**EXERCISE BRIEF**: Copy exactly the lines of the records below, and only those lines, beginning with the line that contains "Vangeli e Atti degli Apostoli" and ending with the line that contains "EPFL Summer Internship".

**EXCERPTED RECORDS**:

==================================================

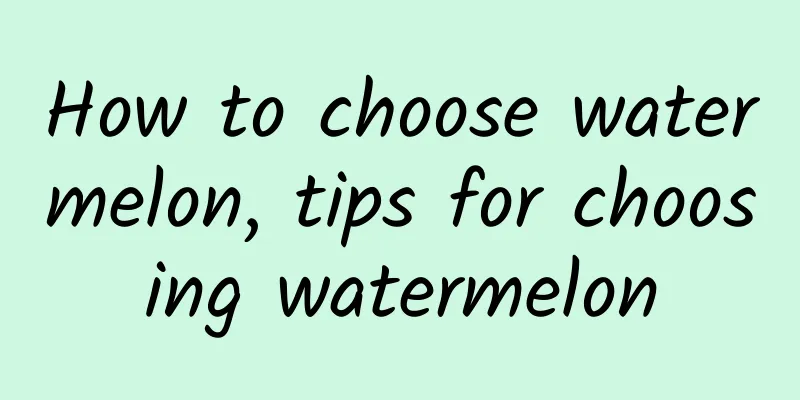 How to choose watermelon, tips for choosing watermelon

==================================================

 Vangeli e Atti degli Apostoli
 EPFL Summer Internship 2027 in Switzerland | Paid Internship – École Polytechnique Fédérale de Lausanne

==================================================

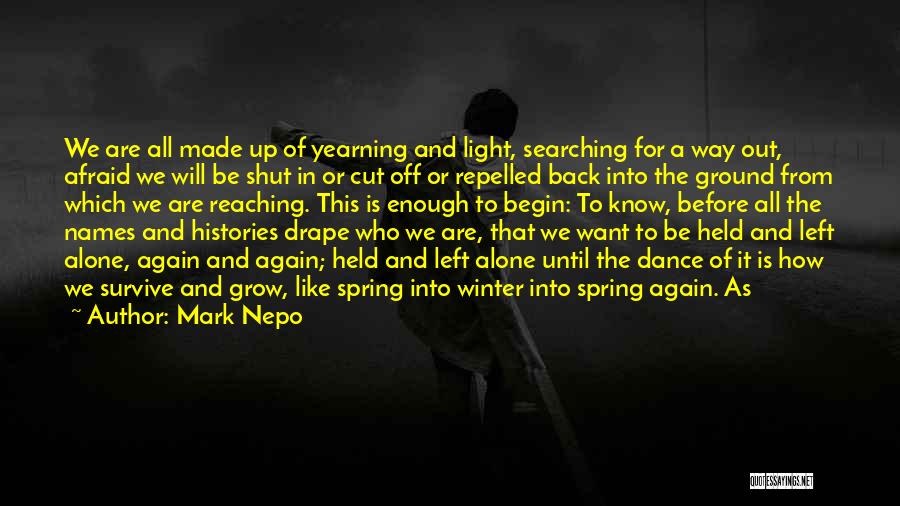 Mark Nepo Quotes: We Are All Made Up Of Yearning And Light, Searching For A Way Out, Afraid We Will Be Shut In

==================================================

**PROBLEM SOLUTION**:
 Vangeli e Atti degli Apostoli
 EPFL Summer Internship 2027 in Switzerland | Paid Internship – École Polytechnique Fédérale de Lausanne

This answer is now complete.